The Unfortunately Loyal Boyfriend continued to feel better as we waited for the operation, and we even made it out for dinner on one wonderful day. A couple of weeks and he was admitted to hospital the evening before the surgery. The surgeon came around with his consent form. I asked for more information on whether there were any major complications that were likely, as opposed to just possible. He said "The only complication you have to worry about is death." Then he said he didn't mean to be flippant. And strangely I wasn't that worried. It could happen. But it was a slim chance and we had accepted that chance.

Thus two weeks ago at this time I was sitting in the lobby of St. Vincent's University Hospital, waiting for my partner to wake up after a major operation. I'd been there with him as he went from the ward, and had had to leave him, gowned and on a gurney, at the entrance to the operating theatre. A doctor, unprompted, promised, "We won't forget to call you." Three and a half hours later I asked the front desk of the hospital to call them; the receptionist held the phone telling me words that resembled "he's conscious, the surgery went fine." There were probably some other things said after that but I didn't take them in. He was awake and he was okay.

Other things happened after the operation. They called from the recovery room, told me it had gone very well, that he'd been out of surgery for over an hour, and that I could see him soon. He was moved to the High Dependency Unit, a room with three beds arranged directly opposite the nurses' desk, where patients are monitored closely, essentially a step below the Intensive Care Unit. He was there for four days, but only because he was on an epidural for pain relief, which has to be observed in such a unit. He was hooked up to a lot of machines and tubes, and the setting probably would have been a bit overwhelming if he hadn't recently spent over five weeks in hospital. At it was, this new situation didn't phase me at all, or him. Later we found out the surgery lasted an hour or so, much shorter than the three or four hours that it could have taken if it hadn't gone so well. The drain was gone, along with his gallbladder.

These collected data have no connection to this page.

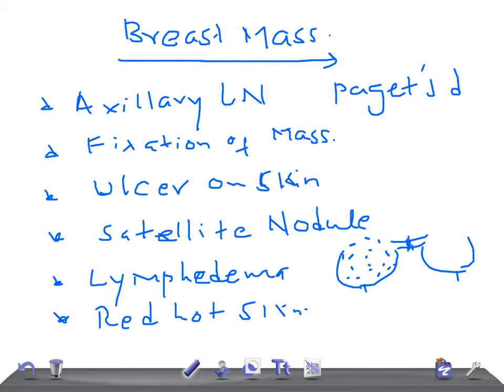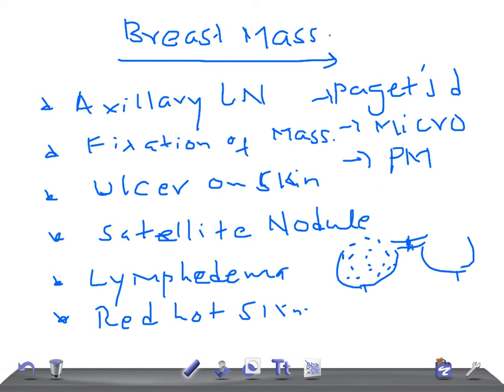Microcalcification on a mammogram is really very important — microcalcification, not macro, it's micro. And any new breast mass in a post-menopausal woman: if she complains of feeling any mass in her breast, then think that it's cancer until proved otherwise.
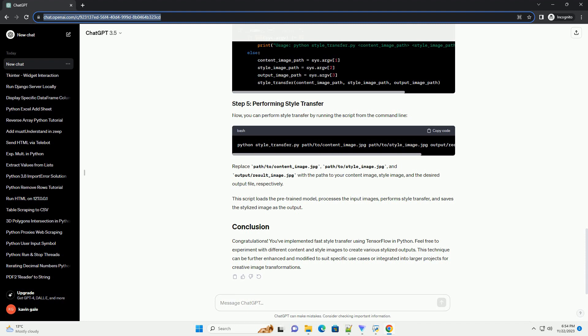Now, you can perform style transfer by running the script from the command line. Replace path/to/content_image.jpg, path/to/style_image.jpg, and output/result_image.jpg with the paths to your content image, style image, and the desired output file, respectively. This script loads the pre-trained model, processes the input images, performs style transfer, and saves the stylized image as the output.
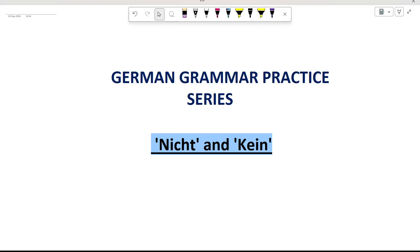Hello and welcome to German grammar practice series. Today we are going to revise and practice the two important German words nicht and kein. Nicht and kein are both used to express negation but they are used in slightly different contexts. We will first quickly revise the context in which these words are applicable and then we will do some exercises. Let's begin with nicht.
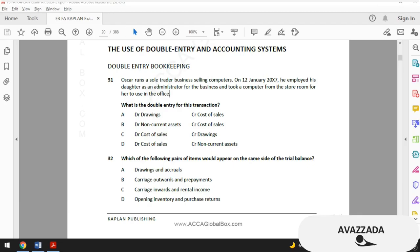Hi guys, today I am going to explain double-entry bookkeeping tests from Kaplan. Before starting these questions, let me mention that there could be some mistakes and I will try to fix them. I advise you not to focus on the mistakes — just try to grasp the essence of what I'm saying.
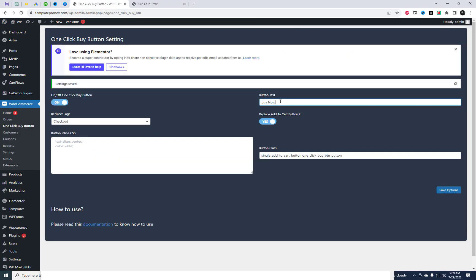You have the option to modify the button text and apply custom CSS styles to it.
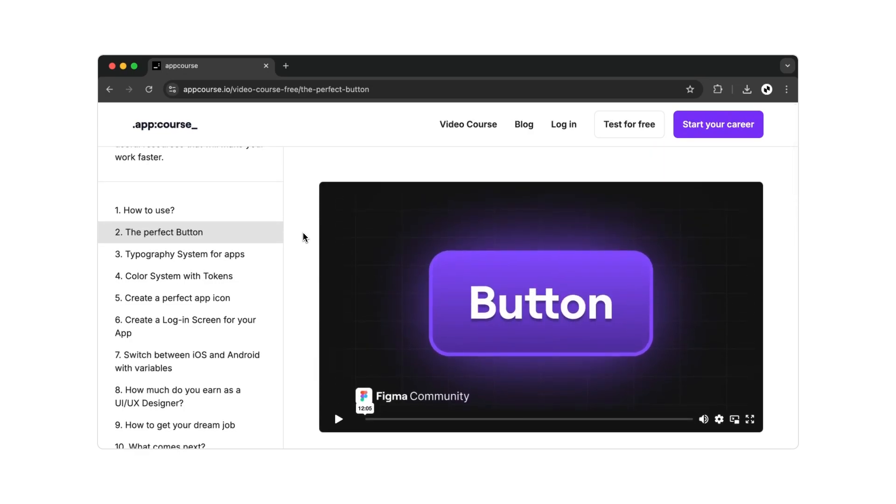So what are you waiting for? Remember, your new career as a UX designer is just a few clicks away.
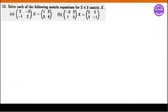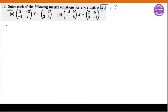Number 12: solve each of the following matrix equations for a 2×2 matrix X. We will solve the next step to find X.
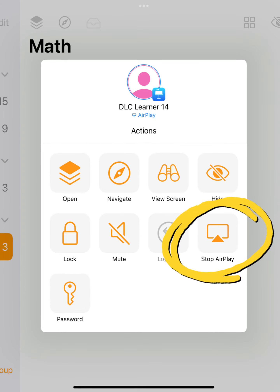To change out who is AirPlaying, simply tap the learner again in Classroom and tap Stop AirPlay.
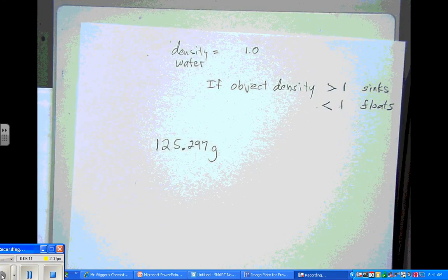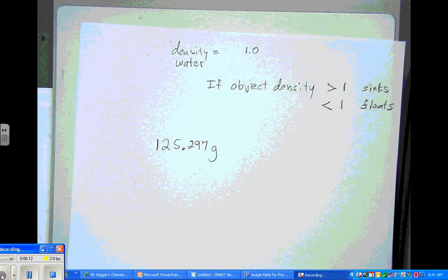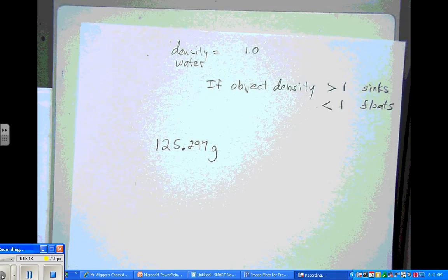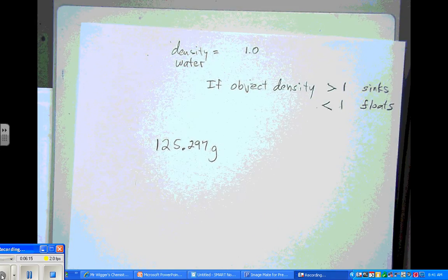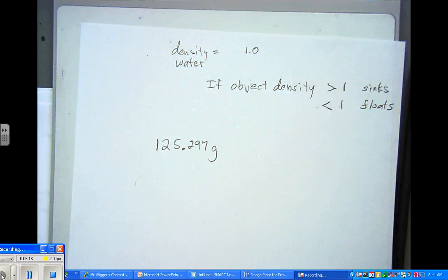So that's how you measure, or that's how you read, a triple beam balance. Thank you so much!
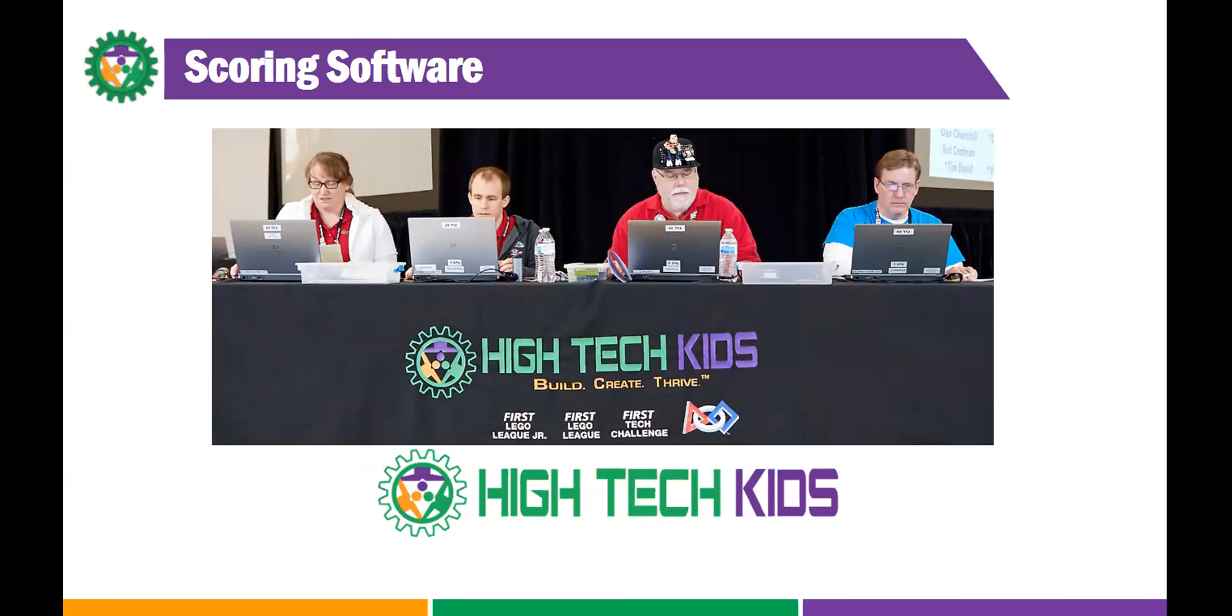Jeannie is going to talk about the scoring software. Typically, in the past, we've had the judges enter scores on a tablet, and then we upload them. That'll be a little bit different this year. So, Jeannie, are you ready?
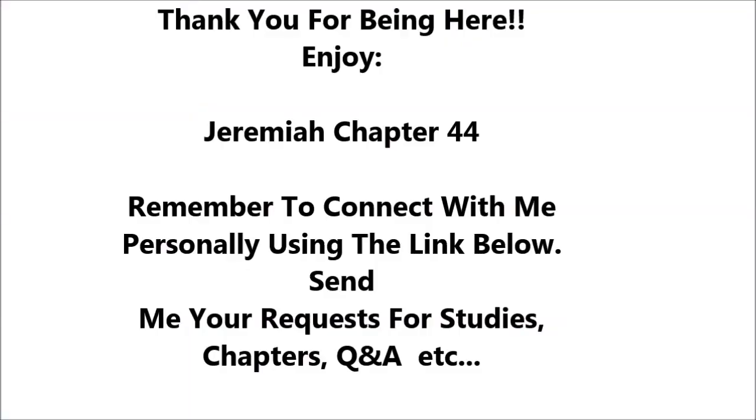Jeremiah 44. The word that came to Jeremiah concerning all the Judeans who lived in the land of Egypt, at Migdal, at Tophenes, at Memphis, and in the land of Pathros. Thus says the Lord of hosts, the God of Israel, You have seen all the disaster that I brought upon Jerusalem and upon all the cities of Judah. Behold, this day they are a desolation and no one dwells in them because of the evil that they committed, provoking me to anger, in that they went to make offerings and serve other gods that they knew not.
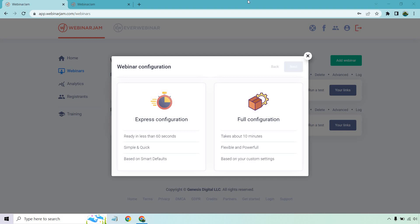First and foremost, what I really like about Webinar Jam is that there are two ways to set up your webinars. You can use the express configuration where it's ready in less than 60 seconds—simple, quick, and based on smart defaults.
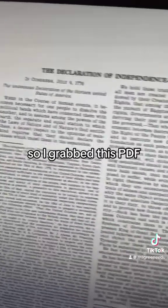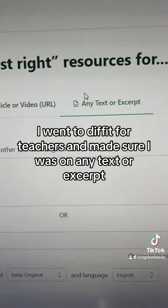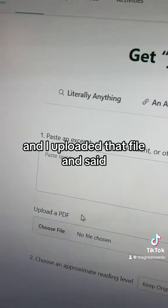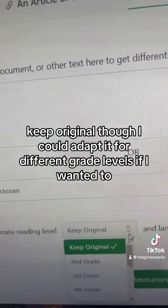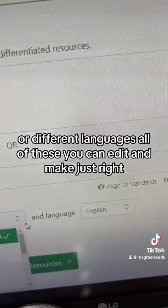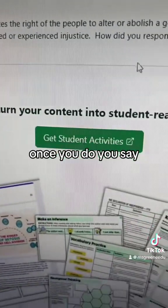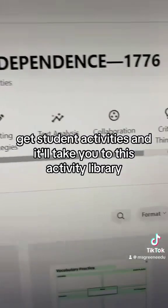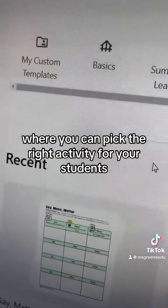I grabbed this PDF and went to DiffItForTeachers, made sure I was on 'any text or excerpt,' and uploaded that file. I said 'keep original,' though I could adapt it for different grade levels or different languages. All of these you can edit and make just right. Once you do, you say 'get student activities' and it'll take you to this activity library where you can pick the right activity for your students.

After a few days The Unfortunately Loyal Boyfriend was moved to a room in an ordinary ward.I learned that his strangely-titled Whipple operation was not an acronym as we'd assumed but named, fantastically, after Mr Whipple! Who'd pioneered an adapted form of it in the 1930s. And now it would have the result that he'd be able to eat ice-cream once again, among other rather more significant effects. In total he'd now lost about three stone (42 lbs or 19 kg) in weight. A week after the surgery, the last canula was removed from his arm, the first time he'd been tubeless in two months – no longer part cyborg. The surgeon crossed his fingers, made a nought and said that the chance of the pancreatitis recurring was as close to zero as he could say. And in keeping with the ever-changing nature of this whole process, the situation shifted again, but this time, for a change, for the better, when one morning the doctor suddenly said he was well enough to be discharged. It was three months to the day since the start of the pancreatitis. And now, surgery over, out of hospital, in the last phase of recovery, I feel that he's really going to be okay.